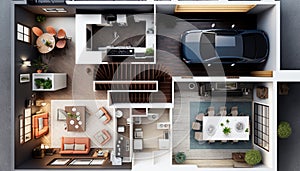 Floor plan of a house top view 3D illustration. Open concept living house layout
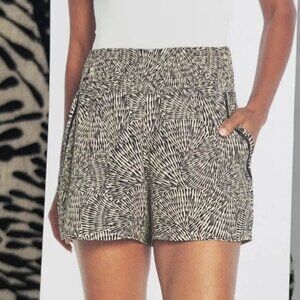 Three Dots Printed Pull-On Shorts Sz L
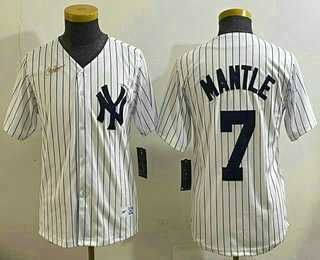Youth New York Yankees #7 Mickey Mantle White Throwback Stitched Cool Base Nike Jersey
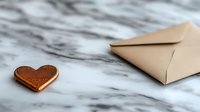 Copper metallic heart and kraft paper envelope on marble background, romantic minimal composition for love letters and Valentine's day messages.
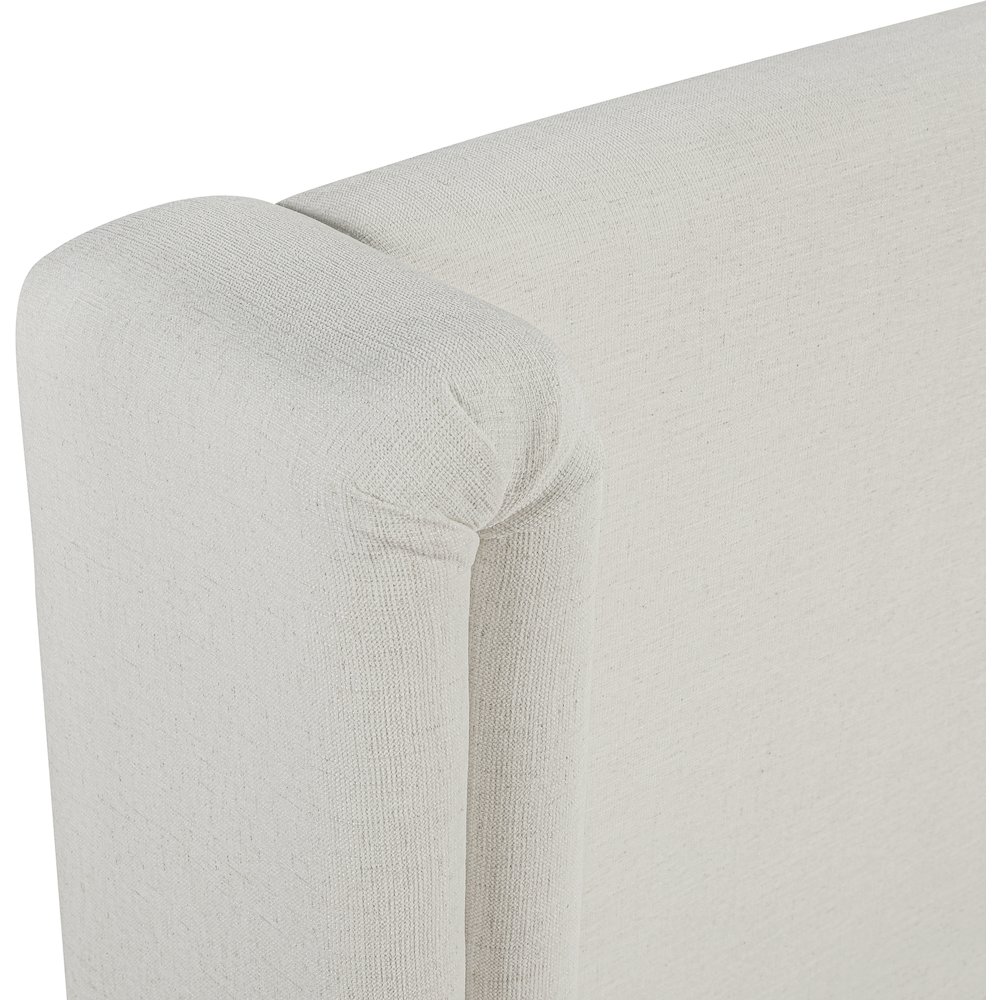Solange Cream Linen Textured Fabric Upholstered Twin Bed. Picture 6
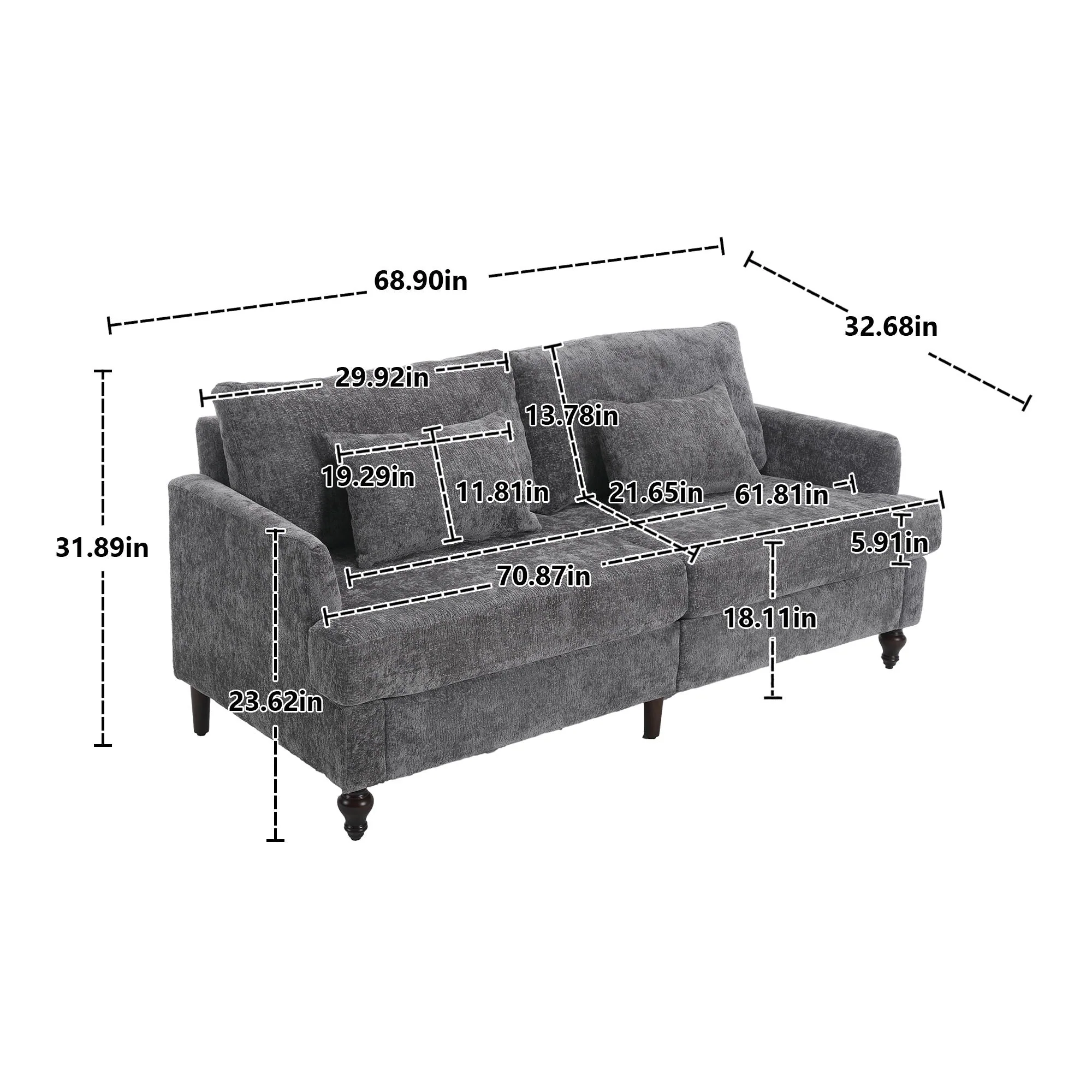 Mid Century Modern Fabric Loveseat Sofa, 2 Seat Upholstered Couch - Image 18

# # # # #

Directions. Exactly the lines from the one holding "Youth New York" to the last line of the records above should be duplicated, with no pictures among them.

Task result.
Youth New York Yankees #7 Mickey Mantle White Throwback Stitched Cool Base Nike Jersey
 Copper metallic heart and kraft paper envelope on marble background, romantic minimal composition for love letters and Valentine's day messages.
Solange Cream Linen Textured Fabric Upholstered Twin Bed. Picture 6
 Mid Century Modern Fabric Loveseat Sofa, 2 Seat Upholstered Couch - Image 18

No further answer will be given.